She attended the ‘superspreader’ White House event. Now she’s on a bus tour backing Amy Coney Barrett.

But instead of isolating herself at home in Washington, in accordance with Centers for Disease Control and Prevention guidelines, the conservative activist is traveling the country. Since Wednesday, she has been boosting Barrett from a pastel pink bus bearing the nominee’s face and the words “Women For Amy” as it makes its way through a dozen swing states this month.

So far, the tour — officially put on by Nance’s group, Concerned Women for America — has kicked off with Sen. Kelly Loeffler (R-Ga.) near Atlanta, hosted college students in South Carolina, and met with Rep. Dan Bishop (R-N.C.) in Raleigh, with nearly 30 more stops planned.

At all the stops so far, attendees have posed for photos while standing shoulder to shoulder, with few masks in sight, according to social media posts. (Loeffler, who also attended the White House ceremony, said she has since tested negative for the virus.)

It is unclear if Nance or others on the bus have been tested for the coronavirus, which has killed more than 212,000 people in the U.S. Her organization declined to comment to the Guardian on the apparent lack of masks and social distancing at its events, and did not immediately respond to a request for comment from The Washington Post.

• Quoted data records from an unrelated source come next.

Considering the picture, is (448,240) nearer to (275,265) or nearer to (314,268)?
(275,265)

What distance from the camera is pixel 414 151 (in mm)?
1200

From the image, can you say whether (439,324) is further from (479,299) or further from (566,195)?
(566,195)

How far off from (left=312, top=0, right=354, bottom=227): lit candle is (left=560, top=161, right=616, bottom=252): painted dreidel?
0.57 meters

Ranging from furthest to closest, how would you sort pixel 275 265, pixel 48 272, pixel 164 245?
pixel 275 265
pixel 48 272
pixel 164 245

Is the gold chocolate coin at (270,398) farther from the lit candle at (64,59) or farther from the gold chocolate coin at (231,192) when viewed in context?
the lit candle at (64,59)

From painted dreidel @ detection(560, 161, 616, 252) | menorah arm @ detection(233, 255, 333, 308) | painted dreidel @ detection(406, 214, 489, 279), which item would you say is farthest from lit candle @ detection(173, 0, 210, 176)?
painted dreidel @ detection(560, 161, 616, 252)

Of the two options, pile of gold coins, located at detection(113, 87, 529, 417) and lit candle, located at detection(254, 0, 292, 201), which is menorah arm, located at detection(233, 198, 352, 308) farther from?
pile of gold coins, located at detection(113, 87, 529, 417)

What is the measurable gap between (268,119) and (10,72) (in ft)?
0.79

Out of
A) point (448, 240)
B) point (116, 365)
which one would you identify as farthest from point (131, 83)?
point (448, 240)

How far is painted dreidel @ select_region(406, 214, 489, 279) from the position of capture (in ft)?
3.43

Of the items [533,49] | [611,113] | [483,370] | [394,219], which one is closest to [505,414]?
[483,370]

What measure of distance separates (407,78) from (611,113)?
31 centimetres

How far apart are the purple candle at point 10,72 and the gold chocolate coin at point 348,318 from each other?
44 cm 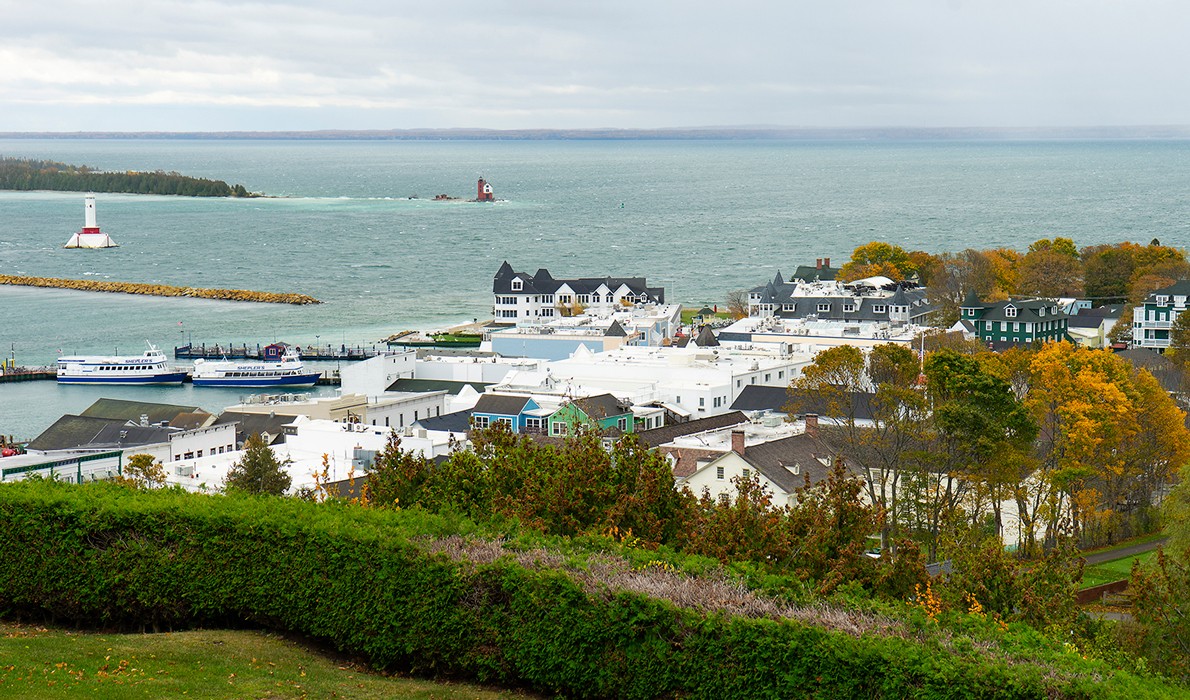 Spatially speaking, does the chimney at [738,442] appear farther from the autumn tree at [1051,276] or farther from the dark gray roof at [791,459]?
the autumn tree at [1051,276]

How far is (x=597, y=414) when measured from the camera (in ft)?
141

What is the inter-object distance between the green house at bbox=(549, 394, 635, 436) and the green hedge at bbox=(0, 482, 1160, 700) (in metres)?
24.7

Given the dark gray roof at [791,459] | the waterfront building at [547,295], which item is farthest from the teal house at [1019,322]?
the dark gray roof at [791,459]

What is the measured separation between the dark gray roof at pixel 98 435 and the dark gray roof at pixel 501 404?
9156 mm

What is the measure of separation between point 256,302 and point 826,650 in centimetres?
8633

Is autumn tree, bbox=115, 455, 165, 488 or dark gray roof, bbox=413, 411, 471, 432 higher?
autumn tree, bbox=115, 455, 165, 488

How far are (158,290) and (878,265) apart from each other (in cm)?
4707

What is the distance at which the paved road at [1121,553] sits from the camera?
30875 millimetres

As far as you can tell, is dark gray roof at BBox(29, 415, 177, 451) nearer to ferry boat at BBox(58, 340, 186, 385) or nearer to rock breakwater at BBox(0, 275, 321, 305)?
ferry boat at BBox(58, 340, 186, 385)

Nance is far from the only person potentially exposed in the Rose Garden, The Post reported, who has since scattered around the country with little oversight and no systematic contacting tracing efforts. On Thursday, Donald Trump Jr., who accompanied his father to the presidential debate and said he tested negative, held a packed campaign rally inside a Florida hotel.

In its focus on rallying support to confirm Barrett, a former clerk for Justice Antonin Scalia, Concerned Women for America will tour several states in the coming days that have been reporting a surge in infections.

“If we’ve learned anything from the confirmation process of Brett M. Kavanaugh, it’s that the left will stoop to anything,” Nance said in a video on Instagram. “The attacks on her faith, the anti-Christian bigotry isn’t just an attack on her. It’s an attack on you. That’s why Concerned Women for America is going to hit the road.”

As Barrett draws scrutiny from liberals over her involvement in People of Praise, a small Christian organization where she once served as a “handmaid,” the bus tour points to how antiabortion activists are citing her faith to rally behind her.

“What a historic moment for conservative Christian women,” Nance said in the video. “We get to sit on the sidelines of history and witness the confirmation of one of our own: a conservative Christian constitutionalist appointed by President Trump to the Supreme Court.”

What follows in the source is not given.